Размер шрифта
-
+

Солнце мертвых. Пути небесные - стр. 39

Я долго еще сижу на краю балки, смотрю на леса в горах. Веки мои устали, глаза не видят. Сплю и не сплю, сижу. Поторкивает-трещит, шумят шумы, шумит дремучее… Погасает солнце. Шумит водопадами в голове… Сорвешься туда, к камням… А, не страшно. Теперь ничего не страшно. Теперь все – сказка. Баба-Яга в горах…

Волчье логово

В Глубокую балку пойти – за топливом?..

Там стены – глубокой чашей, небо там – сине-сине. Кусты да камни. Солнечный зной курится, дрожит-млеет. Спят тысячелетние пни дубов, заваленные камнями, – во сне последнем. Я бужу их своей мотыгой. С гулом и свистом летят их проснувшиеся куски – солнце: будут светить зимою. Дремлет на солнцепеке каменная змея – желтобрюх, заслышит шаги – поведет сонным глазом – и завернется: знает меня, привык. Я побаюкаю его тихим свистом. А он все дремлет, поставив на стражу глаз в золотом кольчике. Что и я – порожденье того же солнца. Такой же нищий. Всегда – один. А вот и она, ящерка-каменка, – вышурхнет, глянет и – обомлеет. От страха? От удивленья на Божий мир? Застынет стрелкой и пучит бусинки глаз – икринки. Цикады трясут и трясут над ухом ржавой, немолчной гремью – жаркое сердце балки. Вот – оборвут, и глохнешь от тишины, кружится голова с умолчья.
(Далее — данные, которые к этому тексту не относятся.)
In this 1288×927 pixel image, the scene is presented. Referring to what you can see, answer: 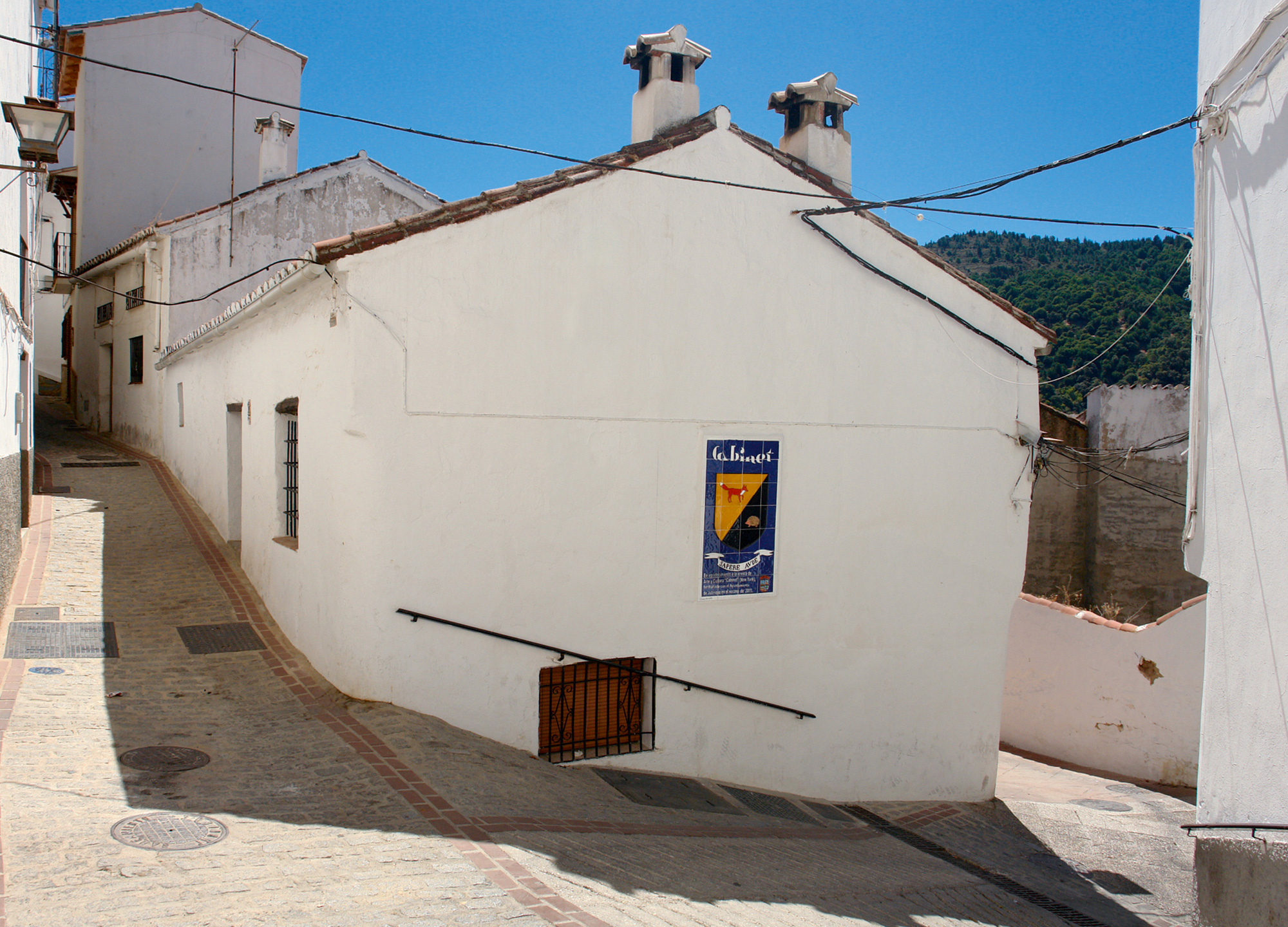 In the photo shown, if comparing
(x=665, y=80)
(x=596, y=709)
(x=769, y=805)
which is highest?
(x=665, y=80)

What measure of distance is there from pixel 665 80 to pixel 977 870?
8.87 meters

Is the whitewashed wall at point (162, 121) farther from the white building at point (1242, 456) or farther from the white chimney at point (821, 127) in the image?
the white building at point (1242, 456)

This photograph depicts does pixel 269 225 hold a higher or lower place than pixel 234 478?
higher

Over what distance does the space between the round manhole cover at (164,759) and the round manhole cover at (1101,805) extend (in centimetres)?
1023

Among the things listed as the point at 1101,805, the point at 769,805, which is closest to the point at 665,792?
the point at 769,805

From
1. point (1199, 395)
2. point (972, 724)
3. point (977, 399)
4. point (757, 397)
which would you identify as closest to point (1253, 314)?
point (1199, 395)

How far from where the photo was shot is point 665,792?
8.82m

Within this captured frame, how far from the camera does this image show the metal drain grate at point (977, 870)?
821 cm

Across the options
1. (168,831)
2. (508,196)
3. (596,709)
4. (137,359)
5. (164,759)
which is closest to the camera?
(168,831)

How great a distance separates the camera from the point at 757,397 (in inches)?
391

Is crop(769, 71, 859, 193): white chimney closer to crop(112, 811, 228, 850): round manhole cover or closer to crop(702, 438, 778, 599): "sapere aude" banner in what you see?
crop(702, 438, 778, 599): "sapere aude" banner

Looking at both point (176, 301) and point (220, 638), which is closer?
point (220, 638)

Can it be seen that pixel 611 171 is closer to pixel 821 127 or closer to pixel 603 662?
pixel 821 127

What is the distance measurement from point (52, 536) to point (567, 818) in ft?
30.7
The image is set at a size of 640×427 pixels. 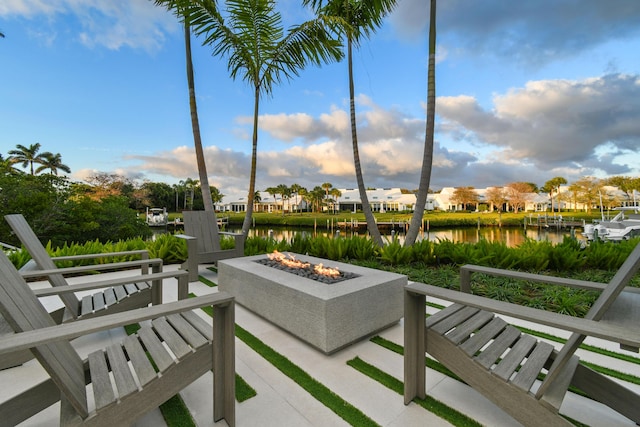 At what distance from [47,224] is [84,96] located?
4.33 metres

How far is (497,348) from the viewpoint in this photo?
1.48 m

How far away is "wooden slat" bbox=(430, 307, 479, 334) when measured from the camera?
155cm

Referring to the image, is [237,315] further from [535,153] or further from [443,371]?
[535,153]

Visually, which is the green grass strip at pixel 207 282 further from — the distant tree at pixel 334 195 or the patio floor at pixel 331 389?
the distant tree at pixel 334 195

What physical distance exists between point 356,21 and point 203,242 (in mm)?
5984

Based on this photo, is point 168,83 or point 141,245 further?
point 168,83

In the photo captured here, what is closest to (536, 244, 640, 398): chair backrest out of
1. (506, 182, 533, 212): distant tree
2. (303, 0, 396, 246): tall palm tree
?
(303, 0, 396, 246): tall palm tree

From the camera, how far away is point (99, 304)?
2.32 metres

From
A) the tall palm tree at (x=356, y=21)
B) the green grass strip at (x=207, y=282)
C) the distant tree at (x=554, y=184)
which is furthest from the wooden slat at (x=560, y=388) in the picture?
the distant tree at (x=554, y=184)

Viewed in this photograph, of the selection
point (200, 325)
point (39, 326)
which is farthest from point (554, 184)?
point (39, 326)

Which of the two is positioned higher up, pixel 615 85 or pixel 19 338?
pixel 615 85

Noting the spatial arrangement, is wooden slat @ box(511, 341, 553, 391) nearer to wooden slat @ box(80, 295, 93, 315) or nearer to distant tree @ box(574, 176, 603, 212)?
wooden slat @ box(80, 295, 93, 315)

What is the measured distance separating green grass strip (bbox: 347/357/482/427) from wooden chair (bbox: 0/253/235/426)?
930mm

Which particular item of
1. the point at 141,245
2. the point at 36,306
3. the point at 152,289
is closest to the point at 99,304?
the point at 152,289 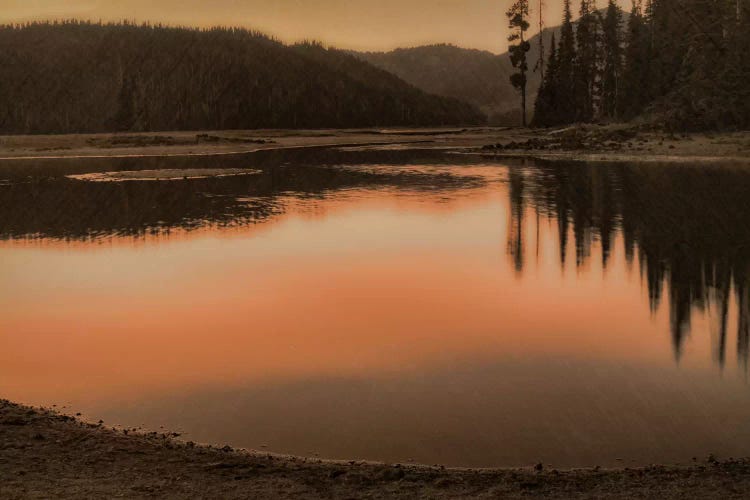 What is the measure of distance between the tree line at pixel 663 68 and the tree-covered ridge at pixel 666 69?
8cm

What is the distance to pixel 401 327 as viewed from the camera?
14.6 meters

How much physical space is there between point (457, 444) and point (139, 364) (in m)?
5.86

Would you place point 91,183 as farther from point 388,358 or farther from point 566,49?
point 566,49

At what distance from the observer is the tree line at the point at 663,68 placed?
63875mm

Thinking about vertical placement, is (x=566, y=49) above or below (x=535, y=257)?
above

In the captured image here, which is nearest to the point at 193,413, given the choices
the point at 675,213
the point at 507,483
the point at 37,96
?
the point at 507,483

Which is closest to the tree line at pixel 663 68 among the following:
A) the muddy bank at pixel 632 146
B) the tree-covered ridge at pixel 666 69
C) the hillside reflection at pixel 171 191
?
the tree-covered ridge at pixel 666 69

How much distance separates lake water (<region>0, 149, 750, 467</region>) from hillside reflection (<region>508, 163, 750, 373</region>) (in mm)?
126

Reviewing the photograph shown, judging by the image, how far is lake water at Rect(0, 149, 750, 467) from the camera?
32.1ft

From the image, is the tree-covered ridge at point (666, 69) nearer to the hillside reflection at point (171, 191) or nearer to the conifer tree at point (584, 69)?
the conifer tree at point (584, 69)

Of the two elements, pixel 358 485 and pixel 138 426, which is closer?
pixel 358 485

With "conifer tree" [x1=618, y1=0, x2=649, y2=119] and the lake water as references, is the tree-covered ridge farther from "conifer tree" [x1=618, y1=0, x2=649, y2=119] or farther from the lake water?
the lake water

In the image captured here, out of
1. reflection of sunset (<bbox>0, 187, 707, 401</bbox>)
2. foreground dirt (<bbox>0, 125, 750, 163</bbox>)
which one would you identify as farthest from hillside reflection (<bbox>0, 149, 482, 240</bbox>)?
foreground dirt (<bbox>0, 125, 750, 163</bbox>)

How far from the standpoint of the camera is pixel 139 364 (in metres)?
12.6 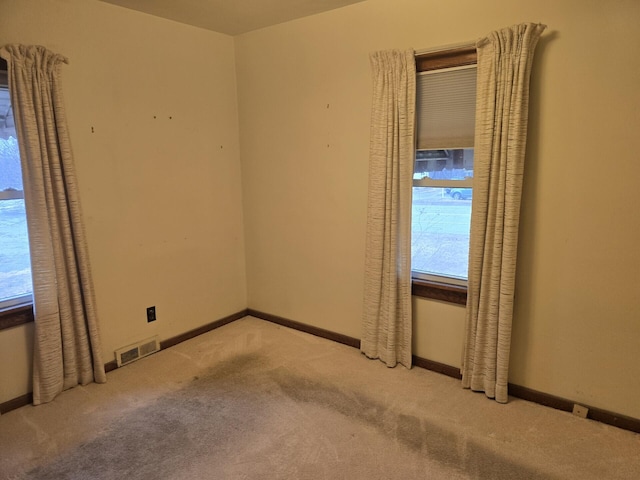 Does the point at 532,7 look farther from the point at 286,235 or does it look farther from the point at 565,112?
the point at 286,235

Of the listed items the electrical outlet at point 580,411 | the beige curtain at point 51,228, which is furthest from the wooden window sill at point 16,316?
the electrical outlet at point 580,411

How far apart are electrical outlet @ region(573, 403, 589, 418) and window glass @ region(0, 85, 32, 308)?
324 cm

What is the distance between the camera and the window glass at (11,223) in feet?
7.77

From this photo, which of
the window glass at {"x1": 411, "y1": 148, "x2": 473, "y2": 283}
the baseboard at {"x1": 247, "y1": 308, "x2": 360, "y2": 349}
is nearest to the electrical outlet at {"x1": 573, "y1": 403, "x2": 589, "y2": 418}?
the window glass at {"x1": 411, "y1": 148, "x2": 473, "y2": 283}

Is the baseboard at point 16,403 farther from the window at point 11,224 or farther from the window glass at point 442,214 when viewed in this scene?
the window glass at point 442,214

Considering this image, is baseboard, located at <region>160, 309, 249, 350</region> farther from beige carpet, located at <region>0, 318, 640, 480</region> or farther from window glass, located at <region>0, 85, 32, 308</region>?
window glass, located at <region>0, 85, 32, 308</region>

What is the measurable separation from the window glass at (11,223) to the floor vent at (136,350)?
0.71 meters

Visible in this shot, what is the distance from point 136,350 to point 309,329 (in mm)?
1325

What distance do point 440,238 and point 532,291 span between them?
0.65m

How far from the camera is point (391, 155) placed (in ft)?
8.78

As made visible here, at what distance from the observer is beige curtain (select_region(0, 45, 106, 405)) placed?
229 centimetres

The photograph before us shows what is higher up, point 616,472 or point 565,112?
point 565,112

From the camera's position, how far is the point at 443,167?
268cm

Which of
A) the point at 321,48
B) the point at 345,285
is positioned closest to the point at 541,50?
the point at 321,48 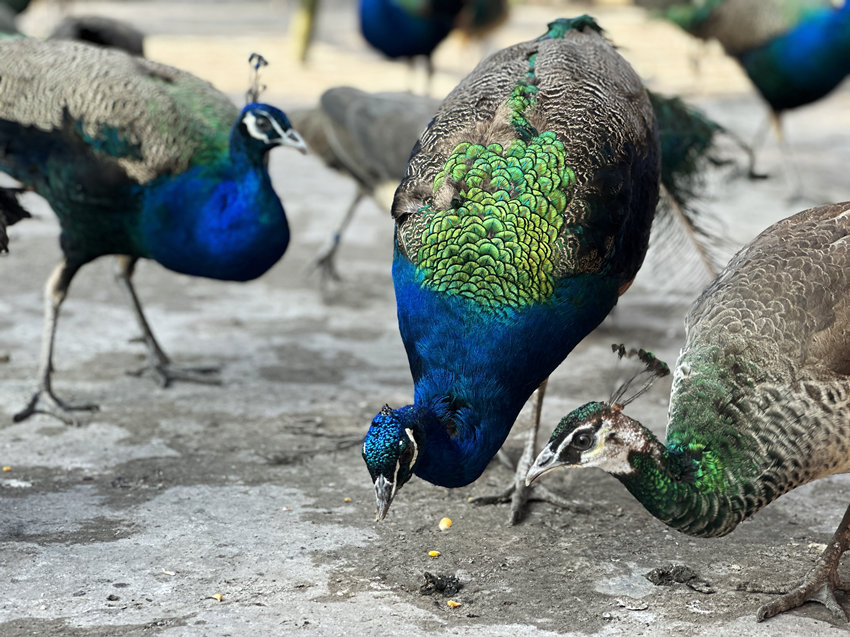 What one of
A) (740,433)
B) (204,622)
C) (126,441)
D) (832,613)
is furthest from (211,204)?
(832,613)

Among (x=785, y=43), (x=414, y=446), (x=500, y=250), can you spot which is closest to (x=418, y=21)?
(x=785, y=43)

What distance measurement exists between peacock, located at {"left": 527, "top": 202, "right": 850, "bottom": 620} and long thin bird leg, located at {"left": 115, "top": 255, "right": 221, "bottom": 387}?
251 centimetres

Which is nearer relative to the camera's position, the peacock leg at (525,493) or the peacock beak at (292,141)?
the peacock leg at (525,493)

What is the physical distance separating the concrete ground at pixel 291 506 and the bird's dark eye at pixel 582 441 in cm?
56

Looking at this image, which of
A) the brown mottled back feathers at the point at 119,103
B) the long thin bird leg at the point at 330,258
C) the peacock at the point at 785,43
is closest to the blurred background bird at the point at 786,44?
the peacock at the point at 785,43

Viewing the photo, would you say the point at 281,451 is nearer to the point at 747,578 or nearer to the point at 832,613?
the point at 747,578

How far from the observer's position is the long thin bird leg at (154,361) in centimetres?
508

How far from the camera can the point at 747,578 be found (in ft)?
11.4

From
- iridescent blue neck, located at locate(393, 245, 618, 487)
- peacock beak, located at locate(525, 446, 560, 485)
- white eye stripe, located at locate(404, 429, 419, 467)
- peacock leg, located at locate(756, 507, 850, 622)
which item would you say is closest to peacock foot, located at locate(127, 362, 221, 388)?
iridescent blue neck, located at locate(393, 245, 618, 487)

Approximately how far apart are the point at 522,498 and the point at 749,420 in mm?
1087

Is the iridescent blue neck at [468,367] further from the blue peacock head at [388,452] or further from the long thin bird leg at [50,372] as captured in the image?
the long thin bird leg at [50,372]

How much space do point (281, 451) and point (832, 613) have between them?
2.08 metres

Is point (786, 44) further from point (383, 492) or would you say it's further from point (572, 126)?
point (383, 492)

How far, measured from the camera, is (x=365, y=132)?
5957 millimetres
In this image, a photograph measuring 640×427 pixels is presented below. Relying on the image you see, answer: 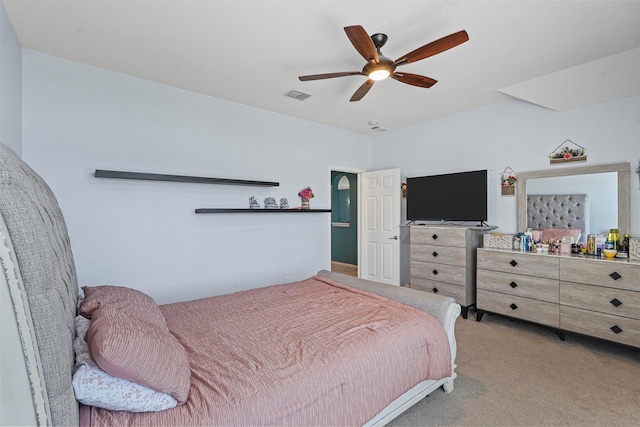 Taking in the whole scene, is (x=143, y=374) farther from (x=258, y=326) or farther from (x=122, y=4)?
(x=122, y=4)

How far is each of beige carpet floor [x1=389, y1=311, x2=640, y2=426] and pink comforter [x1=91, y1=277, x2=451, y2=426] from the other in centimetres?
30

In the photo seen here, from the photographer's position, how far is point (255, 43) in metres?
2.43

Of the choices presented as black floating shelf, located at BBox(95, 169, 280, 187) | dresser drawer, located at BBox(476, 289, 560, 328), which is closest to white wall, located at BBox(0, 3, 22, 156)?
black floating shelf, located at BBox(95, 169, 280, 187)

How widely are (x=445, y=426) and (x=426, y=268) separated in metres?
2.36

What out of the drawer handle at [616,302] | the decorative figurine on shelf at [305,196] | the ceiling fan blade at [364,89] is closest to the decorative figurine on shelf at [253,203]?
the decorative figurine on shelf at [305,196]

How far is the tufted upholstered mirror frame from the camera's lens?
2969 mm

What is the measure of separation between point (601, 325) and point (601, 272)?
0.48 m

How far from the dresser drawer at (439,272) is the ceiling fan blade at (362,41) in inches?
107

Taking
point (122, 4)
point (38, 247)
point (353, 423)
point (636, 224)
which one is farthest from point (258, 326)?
point (636, 224)

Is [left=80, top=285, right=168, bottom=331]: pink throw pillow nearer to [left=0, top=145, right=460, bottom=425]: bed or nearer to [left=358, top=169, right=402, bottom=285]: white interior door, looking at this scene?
[left=0, top=145, right=460, bottom=425]: bed

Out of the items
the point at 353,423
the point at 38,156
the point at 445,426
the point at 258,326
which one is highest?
the point at 38,156

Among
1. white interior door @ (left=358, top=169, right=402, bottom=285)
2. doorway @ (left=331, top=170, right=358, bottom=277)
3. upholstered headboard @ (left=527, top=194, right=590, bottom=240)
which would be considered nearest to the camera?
upholstered headboard @ (left=527, top=194, right=590, bottom=240)

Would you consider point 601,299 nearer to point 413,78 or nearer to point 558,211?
point 558,211

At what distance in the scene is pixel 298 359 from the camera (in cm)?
155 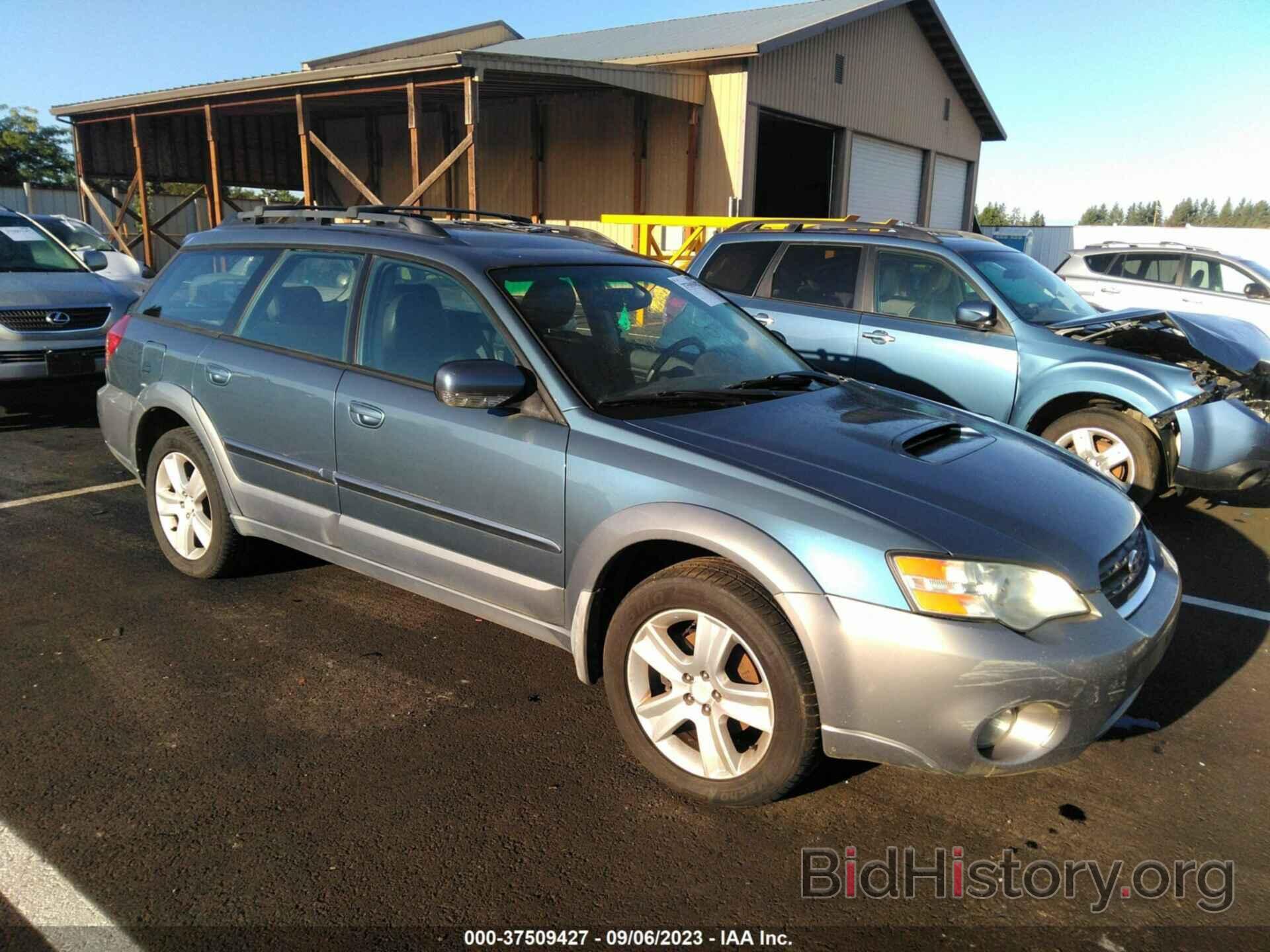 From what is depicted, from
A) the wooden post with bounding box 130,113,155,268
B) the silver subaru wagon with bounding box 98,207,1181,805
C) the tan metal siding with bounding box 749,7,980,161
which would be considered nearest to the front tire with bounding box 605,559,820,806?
the silver subaru wagon with bounding box 98,207,1181,805

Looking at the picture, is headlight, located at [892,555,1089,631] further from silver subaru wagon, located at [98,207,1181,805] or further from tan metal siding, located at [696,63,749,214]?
tan metal siding, located at [696,63,749,214]

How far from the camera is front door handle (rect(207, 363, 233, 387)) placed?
164 inches

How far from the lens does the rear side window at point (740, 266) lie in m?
7.11

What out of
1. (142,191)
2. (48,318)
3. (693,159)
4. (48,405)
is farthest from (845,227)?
(142,191)

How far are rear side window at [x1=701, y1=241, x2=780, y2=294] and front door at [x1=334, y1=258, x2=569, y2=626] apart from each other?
3886mm

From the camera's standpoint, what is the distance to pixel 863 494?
2.70 meters

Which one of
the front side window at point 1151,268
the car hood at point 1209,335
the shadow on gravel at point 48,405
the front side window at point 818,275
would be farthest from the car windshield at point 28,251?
the front side window at point 1151,268

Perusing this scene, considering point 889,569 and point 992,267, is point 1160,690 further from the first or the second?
point 992,267

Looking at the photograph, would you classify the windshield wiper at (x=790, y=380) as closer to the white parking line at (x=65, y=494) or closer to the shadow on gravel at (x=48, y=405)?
the white parking line at (x=65, y=494)

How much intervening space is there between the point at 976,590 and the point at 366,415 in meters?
2.30

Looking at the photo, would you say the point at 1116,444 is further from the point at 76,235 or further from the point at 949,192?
the point at 949,192

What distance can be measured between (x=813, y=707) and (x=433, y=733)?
139 centimetres

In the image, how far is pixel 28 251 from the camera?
8.52 meters

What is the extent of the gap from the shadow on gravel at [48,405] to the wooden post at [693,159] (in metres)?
11.1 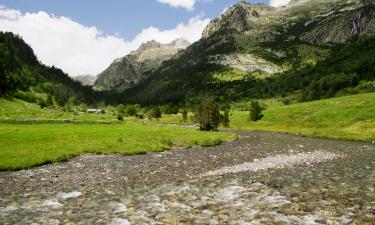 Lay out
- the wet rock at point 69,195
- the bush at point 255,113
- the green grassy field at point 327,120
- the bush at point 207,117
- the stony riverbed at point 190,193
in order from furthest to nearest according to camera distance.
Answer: the bush at point 255,113 → the bush at point 207,117 → the green grassy field at point 327,120 → the wet rock at point 69,195 → the stony riverbed at point 190,193

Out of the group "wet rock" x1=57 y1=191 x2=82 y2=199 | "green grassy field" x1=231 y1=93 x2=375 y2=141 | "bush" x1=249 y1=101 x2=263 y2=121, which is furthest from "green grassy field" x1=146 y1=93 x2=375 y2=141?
"wet rock" x1=57 y1=191 x2=82 y2=199

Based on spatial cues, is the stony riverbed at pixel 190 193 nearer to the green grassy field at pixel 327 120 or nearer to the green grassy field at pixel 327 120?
the green grassy field at pixel 327 120

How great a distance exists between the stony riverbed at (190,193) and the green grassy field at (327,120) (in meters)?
45.1

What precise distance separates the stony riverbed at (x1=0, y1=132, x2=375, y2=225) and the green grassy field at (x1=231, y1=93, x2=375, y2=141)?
45081mm

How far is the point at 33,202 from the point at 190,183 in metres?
10.9

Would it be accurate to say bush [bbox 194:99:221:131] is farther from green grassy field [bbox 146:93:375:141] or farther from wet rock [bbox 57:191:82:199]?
wet rock [bbox 57:191:82:199]

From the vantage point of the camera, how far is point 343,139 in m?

Сил не хватит дойти до балки: день уже отнял силы.

Пень, иззубренный топором… Я знаю его историю.

Это было полной весной, когда цвели глицинии по веранде, и черный дрозд на верхушке старого миндаля тихо, нежно насвистывал вечернюю песенку нашему новоселью. Приветно глядело все: розовые кусты шиповника по ограде, белые стены домика с зелеными ставеньками-ушами; павлин, пробирающийся под кедром – к ночи, синий дымок над кухней – первого ужина… уже ночные, синею мглою охваченные горы, намекающие душе:

– Отныне… вместе?

Теперь будут они следить за тихою жизнью нашей, впускать и укрывать солнце, шуметь дождями. Золотые и синие – солнечные и ночные – будут глядеть на нас до светлого конца жизни…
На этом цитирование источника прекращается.